Rick Atkinson to receive 2015 Peggy V. Helmerich Distinguished Author Award

WHAT

The Peggy V. Helmerich Distinguished Author Award is an annual award given by the Tulsa Library Trust. Its purpose is to give formal recognition, on behalf of the Tulsa County community, to internationally acclaimed authors who have written a distinguished body of work and made a major contribution to the field of literature and letters. The award consists of a $40,000 cash prize and an engraved crystal book. 

Past award winners are Ann Patchett (2014), Kazuo Ishiguro (2013), Wendell Berry (2012), Alan Furst (2011), Ian McEwan (2010), Geraldine Brooks (2009), Michael Chabon (2008), Thomas Keneally (2007), Mark Helprin (2006), John Grisham (2005), Shelby Foote (2003), Joyce Carol Oates (2002), William Kennedy (2001), William Manchester (2000), Margaret Atwood (1999), E.L. Doctorow (1998), Dr. John Hope Franklin (1997), Neil Simon (1996), David McCullough (1995), Ray Bradbury (1994), Peter Matthiessen (1993), Norman Mailer (1992), Eudora Welty (1991), John le Carré (1990), Saul Bellow (1989), Toni Morrison (1988), John Updike (1987), Larry McMurtry (1986) and Norman Cousins (1985).

WHEN/WHERE

FREE Public Presentation
Saturday, Dec. 5 • 10:30 a.m.
Hardesty Regional Library, Connor’s Cove, 8316 E. 93rd St. 

Award Presentation at Black-tie Dinner
Saturday, Dec. 5 • 6:30 p.m.
Southern Hills Country Club, 2636 E. 61st St.

SPONSORS

Tulsa Library Trust and Tulsa City-County Library

AWARD WINNER

Rick Atkinson, three-time Pulitzer Prize-winning author and military historian, is the winner of the 2015 Peggy V. Helmerich Distinguished Author Award. 

Atkinson recently completed The Guns at Last Light: The War in Europe, 1944-1945, the final volume of his Liberation Trilogy, a narrative history of the U.S. military’s role in the liberation of Europe in World War II. The first volume, An Army at Dawn: The War in North Africa, 1942-1943, received the Pulitzer Prize and was acclaimed by The Wall Street Journal as “the best World War II battle narrative since Cornelius Ryan’s classics, The Longest Day and A Bridge Too Far.” 

Atkinson served as a reporter, foreign correspondent and senior editor for 25 years at The Washington Post. His most recent assignments were covering the 101st Airborne Division during the invasion of Iraq, and writing about roadside bombs in Iraq and Afghanistan in 2007. 

Atkinson also is the best-selling author of The Long Gray Line, a narrative saga about the West Point class of 1966, and Crusade, a narrative story of the Persian Gulf War. He also wrote In the Company of Soldiers, an account of his time with Gen. David H. Petraeus and the 101st Airborne Division during the invasion of Iraq in 2003; the New York Times Book Review called the book “the most intimate, vivid and well-informed account yet published” on that war, and Newsweek cited it as one of 10 best books of 2004. He is the lead essayist in Where Valor Rests: Arlington National Cemetery, published by National Geographic in 2007. 

Atkinson’s many awards include the 2003 Pulitzer Prize for history; the 1982 Pulitzer Prize for national reporting; and the 1999 Pulitzer Prize for public service, awarded to The Washington Post for a series of investigative articles directed and edited by Atkinson on shootings by the District of Columbia police department. Atkinson has served as the Gen. Omar N. Bradley Chair of Strategic Leadership at the U.S. Army War College, where he remains an adjunct faculty member. 

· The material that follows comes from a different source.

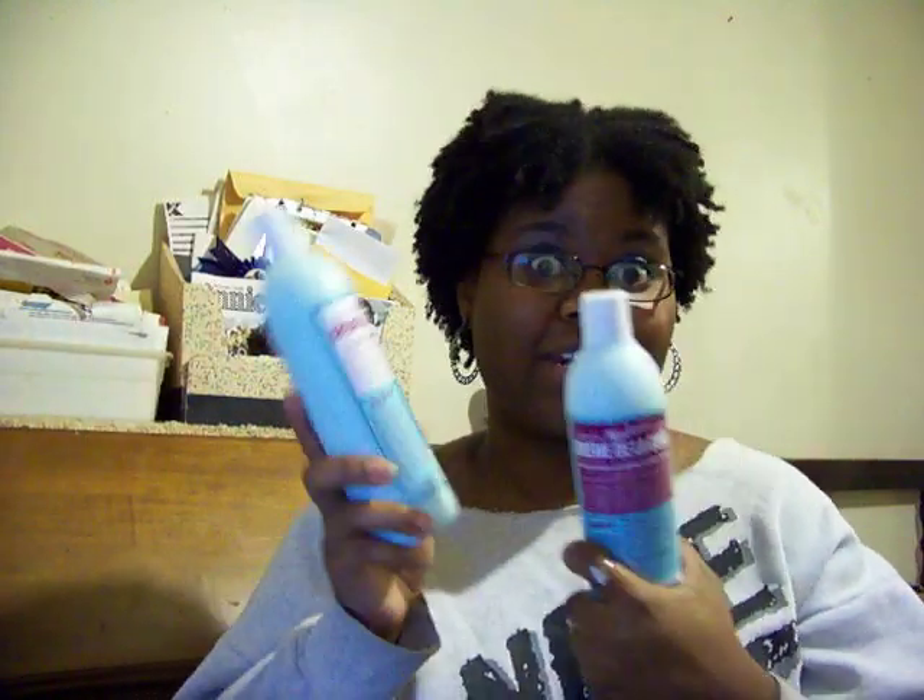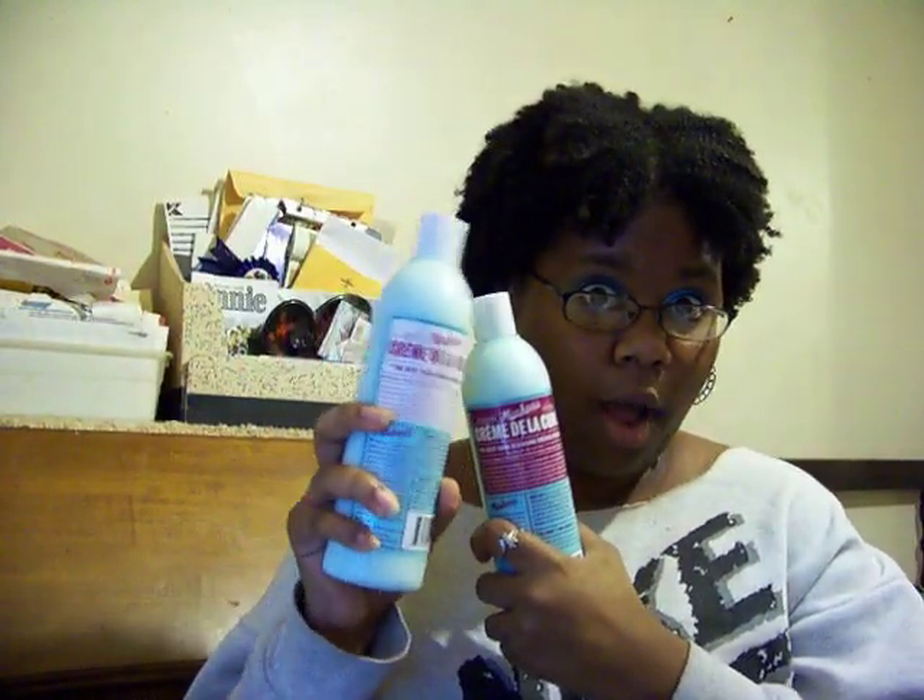What's up y'all, it's your girl Missy and I am officially back in town. This is a thank you video to Miss Jessie's because after I did my video about her conditioner, I got an email from a representative asking for my address and I got some free product. So I'm keeping it real with y'all — I got some free product to try. They sent me the shampoo and the conditioner, so I will definitely let y'all know about the conditioner.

Born in Munich, Germany, Atkinson is the son of a U.S. Army officer and grew up on military posts. He holds a master’s degree in English literature from the University of Chicago. He and his wife, Dr. Jane C. Atkinson, a researcher and clinician at the National Institutes of Health, live in the District of Columbia. They have two grown children. 

(Biographical information taken from Atkinson’s website: http://liberationtrilogy.com/rick-atkinson/)

ABOUT THE TULSA LIBRARY TRUST

The Tulsa Library Trust is a public foundation created by private contributions to benefit Tulsa City-County Library. Income generated by the Trust's endowment is used to fund projects and purchase materials that the library could not afford through its operating budget.

WHO

Marcy Robinowitz is chairwoman of the 2015 Distinguished Author Award Dinner Committee, which is made up of more than 90 volunteers. 

Rik Helmerich is president of the Tulsa Library Trust board.